FEA Add Information Gain and Information Gain Ratio feature selection functions #28905

StefanieSenger · 2024-04-28T06:45:33Z

Reference Issues/PRs

What does this implement/fix? Explain your changes.

This 2016 PR intended to add info_gain and info_gain_ratio functions for univariate feature selection. Here, I update and finish it up. For further information, please refer to the discussion on the old PR.

…ions setup

…kar/scikit-learn into ig-and-igr-feature-selection

…nual values; moved IGR tests

…ctions

OmarManzoor

Thanks for the PR @StefanieSenger . Would it make sense to add a test which compares the transformed X between the information gain and information gain ratio, since they should be generally the same?

StefanieSenger · 2024-05-10T11:55:06Z

I have added such a test @OmarManzoor, maybe it helps if one day someone works on the if ratio block in _info_gain(), which is infact the only few lines that differ between both functions.

OmarManzoor

A few minor suggestions otherwise this looks good. Thanks @StefanieSenger

sklearn/feature_selection/_univariate_selection.py

Co-authored-by: Omar Salman <omar.salman@arbisoft.com>

StefanieSenger · 2024-05-13T07:35:47Z

Nice, thank you @OmarManzoor

glemaitre

Just a couple of first comments to use scipy instead of our own implementation of the entropy or the KL divergence.

doc/modules/feature_selection.rst

glemaitre · 2024-05-21T15:31:06Z

doc/whats_new/v1.6.rst

+
+- |Feature| :func:`~feature_selection.info_gain` and
+  :func:`~feature_selection.info_gain_ratio` can now be used for
+  univariate feature selection. :pr:`28905` by :user:`Viktor Pekar <vpekar>`.


Suggested change

univariate feature selection. :pr:`28905` by :user:`Viktor Pekar <vpekar>`.

univariate feature selection.

:pr:`28905` by :user:`Viktor Pekar <vpekar>` and

:user:`Stefanie Senger <StefanieSenger>`.

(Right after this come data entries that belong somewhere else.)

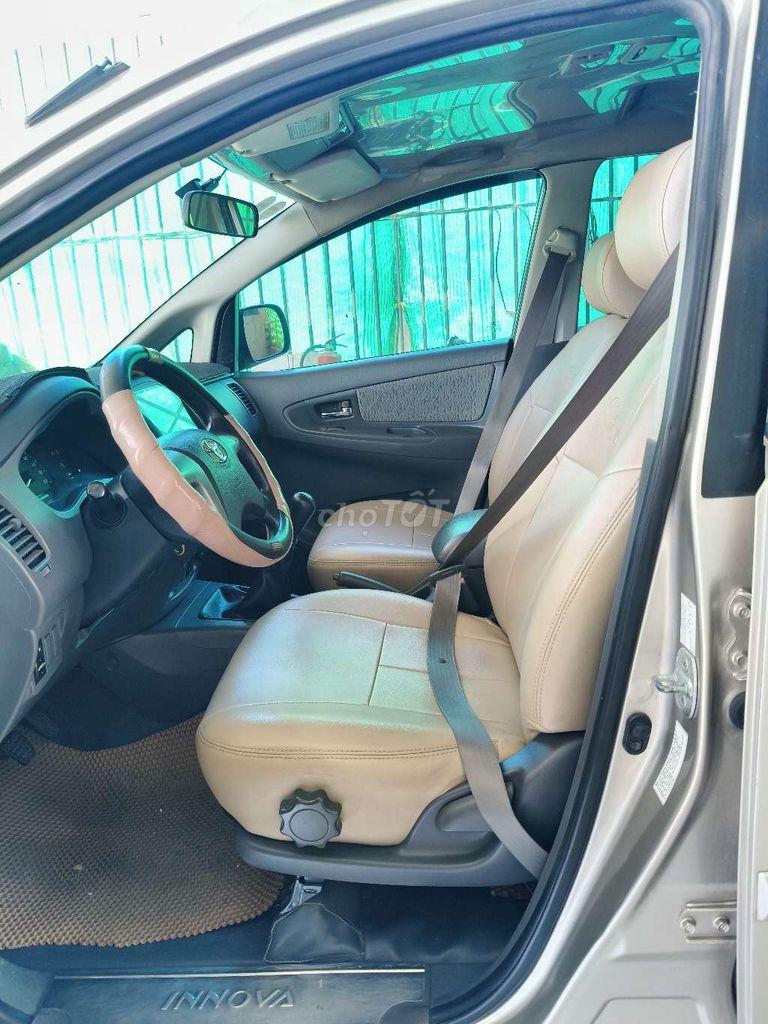 Toyota Innova Vàng cát 7 chỗ Số sàn. Mua bán Ô tô tại Huyện Chợ Mới An Giang được đăng bởi Phát đạt hình 11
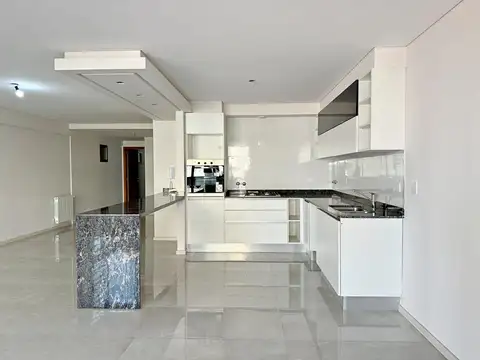 Excelente departamento en venta 3 dormitorios Pellegrini 500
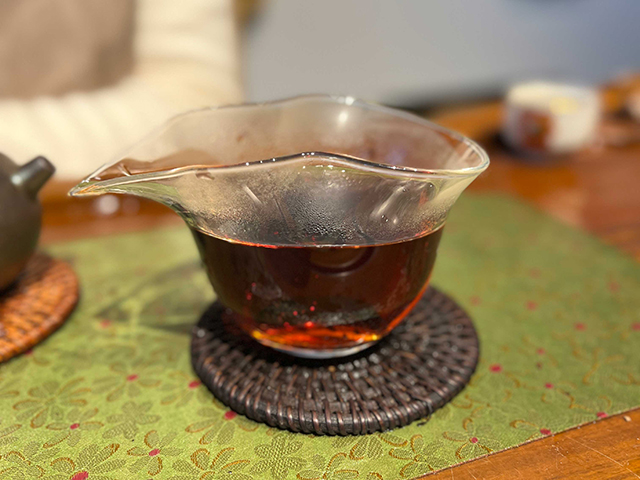 图为春城茶厂1988年春城铁饼熟茶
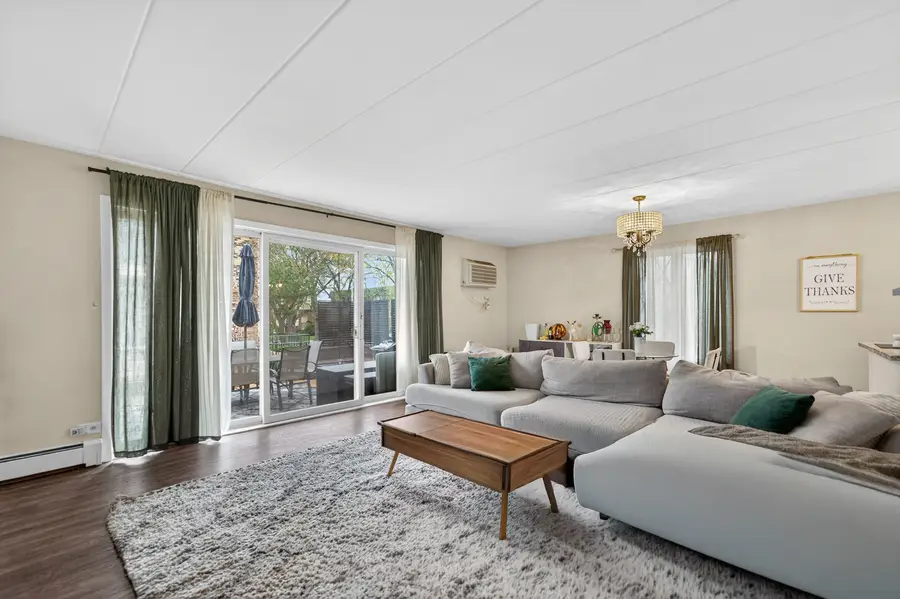 9620 S Kedvale Avenue #101, Oak Lawn, IL 60453 - #3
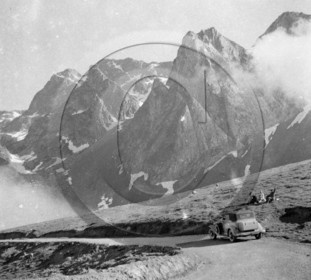 AU 1204 Auburn 8-100A phaeton sedan 1932 .jpg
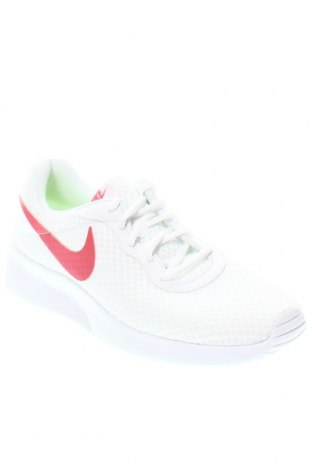 Мъжки обувки Nike, Размер 43, Цвят Бял, Цена 128,80 лв.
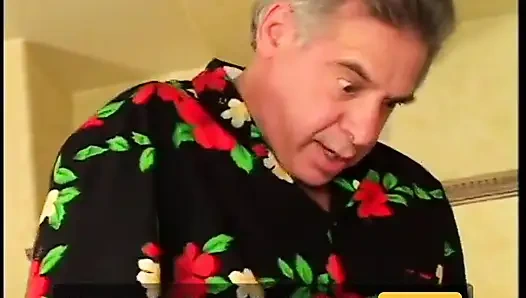 Seksi hatun pembe yarığını siktiriyor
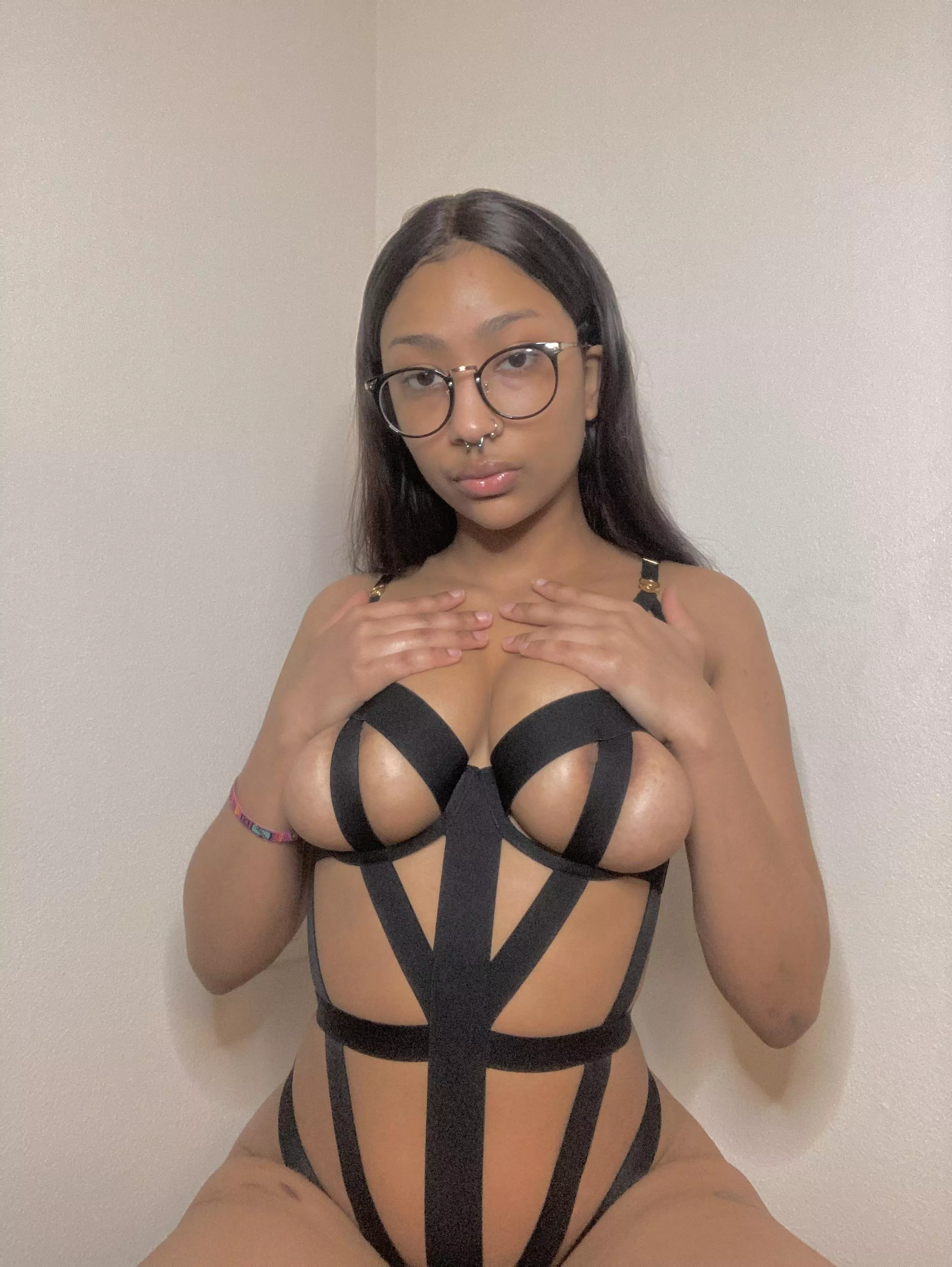 Isn’t it sexy how my tits spill out of this bodysuit?🥵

glemaitre · 2024-05-21T15:34:01Z

sklearn/feature_selection/_univariate_selection.py

+def _get_entropy(prob):
+    t = np.log2(prob)
+    t[~np.isfinite(t)] = 0
+    return np.multiply(-prob, t)


Nowadays, I think this is implemented in scipy.stats.entropy: https://docs.scipy.org/doc/scipy/reference/generated/scipy.stats.entropy.html

The base here is set to 2 (I have to check if it makes sense or not).

I have substituted this function with one of the scipy entropy ones (scipi.special.entr()), though I need to admid I don't understand that and have just chosen the one that would not raise when running the tests.

glemaitre · 2024-05-21T18:00:12Z

sklearn/feature_selection/_univariate_selection.py

+    def _a_log_a_div_b(a, b):
+        with np.errstate(invalid="ignore", divide="ignore"):
+            t = np.log2(a / b)
+        t[~np.isfinite(t)] = 0
+        return np.multiply(a, t)


supposidely this could be replaced by the rel_entr from scipy: https://docs.scipy.org/doc/scipy/reference/generated/scipy.special.rel_entr.html#scipy.special.rel_entr

The difference is that we use log2 instead of the log base e in the scipy definition. I have to check.

So I assume that we could use the natural logarithm anywhere because it would only be different by a constant multiplier and since we are only comparing the information everywhere then it should not matter

Okay, we had talked about this. This time I found that scipy.special.rel_entr() was the one that had the same results as before.

glemaitre · 2024-05-21T18:21:41Z

sklearn/feature_selection/_univariate_selection.py

+    c_prob = c_count / c_count.sum()
+    fc_prob = fc_count / total
+
+    c_f = _a_log_a_div_b(fc_prob, c_prob * f_prob)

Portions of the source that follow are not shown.